TASK BRIEF.
In the entries below, find the line containing "braised 3 oz (85g)". Copy it and all lines after it, exactly, through the end.

....

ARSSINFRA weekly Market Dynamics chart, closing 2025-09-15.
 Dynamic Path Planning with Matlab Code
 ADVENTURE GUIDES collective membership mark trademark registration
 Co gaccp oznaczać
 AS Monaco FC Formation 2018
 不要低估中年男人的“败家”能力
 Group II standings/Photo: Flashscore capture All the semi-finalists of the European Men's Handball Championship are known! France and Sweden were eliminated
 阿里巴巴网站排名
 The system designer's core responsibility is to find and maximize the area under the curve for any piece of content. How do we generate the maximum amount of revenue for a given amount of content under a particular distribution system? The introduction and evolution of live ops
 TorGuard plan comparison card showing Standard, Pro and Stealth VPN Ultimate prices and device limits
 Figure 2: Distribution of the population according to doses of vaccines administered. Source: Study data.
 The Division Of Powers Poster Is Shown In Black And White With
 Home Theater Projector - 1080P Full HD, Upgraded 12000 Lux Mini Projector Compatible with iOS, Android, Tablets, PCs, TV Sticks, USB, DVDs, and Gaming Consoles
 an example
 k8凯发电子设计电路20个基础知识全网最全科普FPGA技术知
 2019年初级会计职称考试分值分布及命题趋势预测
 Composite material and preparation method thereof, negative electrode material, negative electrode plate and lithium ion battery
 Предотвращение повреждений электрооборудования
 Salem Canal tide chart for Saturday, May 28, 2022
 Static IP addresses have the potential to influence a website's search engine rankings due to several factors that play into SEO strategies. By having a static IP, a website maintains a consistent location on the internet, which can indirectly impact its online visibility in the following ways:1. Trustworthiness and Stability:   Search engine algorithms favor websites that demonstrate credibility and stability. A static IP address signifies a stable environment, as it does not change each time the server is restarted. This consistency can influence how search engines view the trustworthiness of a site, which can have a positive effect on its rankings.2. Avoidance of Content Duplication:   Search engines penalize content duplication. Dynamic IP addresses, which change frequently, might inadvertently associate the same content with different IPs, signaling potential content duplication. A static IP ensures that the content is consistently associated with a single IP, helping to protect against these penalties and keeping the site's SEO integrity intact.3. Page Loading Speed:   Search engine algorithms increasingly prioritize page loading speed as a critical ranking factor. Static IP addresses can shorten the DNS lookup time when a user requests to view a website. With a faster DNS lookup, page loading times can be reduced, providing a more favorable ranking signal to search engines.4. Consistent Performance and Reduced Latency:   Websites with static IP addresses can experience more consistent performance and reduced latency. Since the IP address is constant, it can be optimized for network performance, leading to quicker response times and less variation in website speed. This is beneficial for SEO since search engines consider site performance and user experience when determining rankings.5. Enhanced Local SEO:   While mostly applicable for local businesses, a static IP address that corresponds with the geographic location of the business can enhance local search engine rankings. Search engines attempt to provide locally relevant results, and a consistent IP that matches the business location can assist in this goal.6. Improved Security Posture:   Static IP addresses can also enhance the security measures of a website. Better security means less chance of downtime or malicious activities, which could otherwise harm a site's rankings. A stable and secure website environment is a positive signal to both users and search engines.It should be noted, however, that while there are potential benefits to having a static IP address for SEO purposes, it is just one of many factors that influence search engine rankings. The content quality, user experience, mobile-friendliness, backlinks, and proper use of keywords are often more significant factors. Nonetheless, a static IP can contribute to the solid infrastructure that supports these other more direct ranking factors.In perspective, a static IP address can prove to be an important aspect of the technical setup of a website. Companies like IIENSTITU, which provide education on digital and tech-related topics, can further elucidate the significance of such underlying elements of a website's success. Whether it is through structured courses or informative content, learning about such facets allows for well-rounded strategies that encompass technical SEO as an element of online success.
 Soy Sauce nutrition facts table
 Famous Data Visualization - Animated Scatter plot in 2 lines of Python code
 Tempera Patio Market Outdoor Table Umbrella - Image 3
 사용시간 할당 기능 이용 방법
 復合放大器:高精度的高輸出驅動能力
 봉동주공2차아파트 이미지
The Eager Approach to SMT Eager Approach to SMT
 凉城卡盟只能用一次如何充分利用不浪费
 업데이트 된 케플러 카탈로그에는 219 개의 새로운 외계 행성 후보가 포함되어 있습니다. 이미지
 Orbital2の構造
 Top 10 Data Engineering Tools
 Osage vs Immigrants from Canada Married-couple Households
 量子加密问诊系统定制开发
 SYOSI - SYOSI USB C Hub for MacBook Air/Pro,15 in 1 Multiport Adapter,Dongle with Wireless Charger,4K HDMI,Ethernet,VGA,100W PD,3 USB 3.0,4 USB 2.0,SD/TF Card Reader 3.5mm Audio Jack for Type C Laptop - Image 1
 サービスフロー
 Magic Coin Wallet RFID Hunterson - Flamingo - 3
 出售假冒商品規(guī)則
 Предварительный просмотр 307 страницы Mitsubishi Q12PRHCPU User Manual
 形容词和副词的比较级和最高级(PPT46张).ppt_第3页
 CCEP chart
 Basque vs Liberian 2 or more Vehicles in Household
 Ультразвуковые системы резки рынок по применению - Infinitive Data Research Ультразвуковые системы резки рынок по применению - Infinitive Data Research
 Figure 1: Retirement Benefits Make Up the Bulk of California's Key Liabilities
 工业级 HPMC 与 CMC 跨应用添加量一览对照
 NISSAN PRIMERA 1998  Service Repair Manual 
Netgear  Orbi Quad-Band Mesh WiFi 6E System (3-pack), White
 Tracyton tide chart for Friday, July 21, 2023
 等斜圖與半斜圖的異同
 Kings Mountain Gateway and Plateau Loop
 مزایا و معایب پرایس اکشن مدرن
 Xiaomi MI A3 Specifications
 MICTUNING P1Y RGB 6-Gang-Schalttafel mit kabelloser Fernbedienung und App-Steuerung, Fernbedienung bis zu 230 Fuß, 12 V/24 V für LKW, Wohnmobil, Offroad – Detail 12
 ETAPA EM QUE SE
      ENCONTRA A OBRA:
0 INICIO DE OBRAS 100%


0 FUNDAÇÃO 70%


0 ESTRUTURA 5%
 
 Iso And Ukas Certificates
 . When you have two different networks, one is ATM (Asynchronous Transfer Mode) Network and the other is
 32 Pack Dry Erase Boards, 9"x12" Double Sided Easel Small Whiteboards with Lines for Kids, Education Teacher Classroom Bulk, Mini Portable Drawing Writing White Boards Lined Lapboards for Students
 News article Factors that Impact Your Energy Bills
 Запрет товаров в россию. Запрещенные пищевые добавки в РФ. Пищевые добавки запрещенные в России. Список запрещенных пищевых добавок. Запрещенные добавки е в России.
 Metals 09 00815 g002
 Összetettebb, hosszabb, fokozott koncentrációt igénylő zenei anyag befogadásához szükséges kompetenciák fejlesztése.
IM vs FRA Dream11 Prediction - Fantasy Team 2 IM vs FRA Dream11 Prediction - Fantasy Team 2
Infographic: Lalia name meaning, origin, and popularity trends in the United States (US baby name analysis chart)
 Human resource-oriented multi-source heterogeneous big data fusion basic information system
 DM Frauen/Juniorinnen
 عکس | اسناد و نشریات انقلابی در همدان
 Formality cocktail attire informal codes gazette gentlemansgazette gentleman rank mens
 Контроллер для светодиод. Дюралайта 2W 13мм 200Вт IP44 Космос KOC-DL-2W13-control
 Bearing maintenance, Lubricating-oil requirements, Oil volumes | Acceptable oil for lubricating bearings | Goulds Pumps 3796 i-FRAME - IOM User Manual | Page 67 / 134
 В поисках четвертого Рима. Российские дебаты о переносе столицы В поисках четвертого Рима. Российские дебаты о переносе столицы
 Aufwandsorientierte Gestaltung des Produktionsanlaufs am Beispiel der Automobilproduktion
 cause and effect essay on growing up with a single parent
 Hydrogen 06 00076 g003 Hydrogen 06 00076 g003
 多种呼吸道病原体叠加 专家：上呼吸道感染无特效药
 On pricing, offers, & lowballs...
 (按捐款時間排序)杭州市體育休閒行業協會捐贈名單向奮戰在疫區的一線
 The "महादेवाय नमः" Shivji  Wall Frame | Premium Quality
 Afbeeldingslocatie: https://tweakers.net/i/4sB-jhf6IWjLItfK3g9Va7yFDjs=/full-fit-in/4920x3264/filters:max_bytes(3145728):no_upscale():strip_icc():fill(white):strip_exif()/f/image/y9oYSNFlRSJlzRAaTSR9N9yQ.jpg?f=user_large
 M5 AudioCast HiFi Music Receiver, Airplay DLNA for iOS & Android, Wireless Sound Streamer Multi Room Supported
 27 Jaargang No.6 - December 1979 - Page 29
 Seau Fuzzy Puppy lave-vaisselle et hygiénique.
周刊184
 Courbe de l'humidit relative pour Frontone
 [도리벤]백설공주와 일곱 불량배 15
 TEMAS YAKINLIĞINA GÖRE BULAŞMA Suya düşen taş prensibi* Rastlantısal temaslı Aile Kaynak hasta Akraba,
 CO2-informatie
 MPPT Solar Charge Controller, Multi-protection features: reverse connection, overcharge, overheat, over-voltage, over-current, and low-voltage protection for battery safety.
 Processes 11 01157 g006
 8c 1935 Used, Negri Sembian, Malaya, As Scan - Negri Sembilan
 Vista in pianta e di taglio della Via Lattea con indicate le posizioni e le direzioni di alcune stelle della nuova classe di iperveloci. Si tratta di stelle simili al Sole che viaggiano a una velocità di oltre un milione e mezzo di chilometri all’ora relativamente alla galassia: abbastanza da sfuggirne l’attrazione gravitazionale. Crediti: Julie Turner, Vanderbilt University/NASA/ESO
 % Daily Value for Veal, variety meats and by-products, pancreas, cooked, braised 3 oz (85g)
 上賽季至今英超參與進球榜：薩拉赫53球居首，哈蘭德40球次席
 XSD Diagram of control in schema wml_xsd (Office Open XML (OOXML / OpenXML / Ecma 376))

....

TASK OUTPUT.
 % Daily Value for Veal, variety meats and by-products, pancreas, cooked, braised 3 oz (85g)
 上賽季至今英超參與進球榜：薩拉赫53球居首，哈蘭德40球次席
 XSD Diagram of control in schema wml_xsd (Office Open XML (OOXML / OpenXML / Ecma 376))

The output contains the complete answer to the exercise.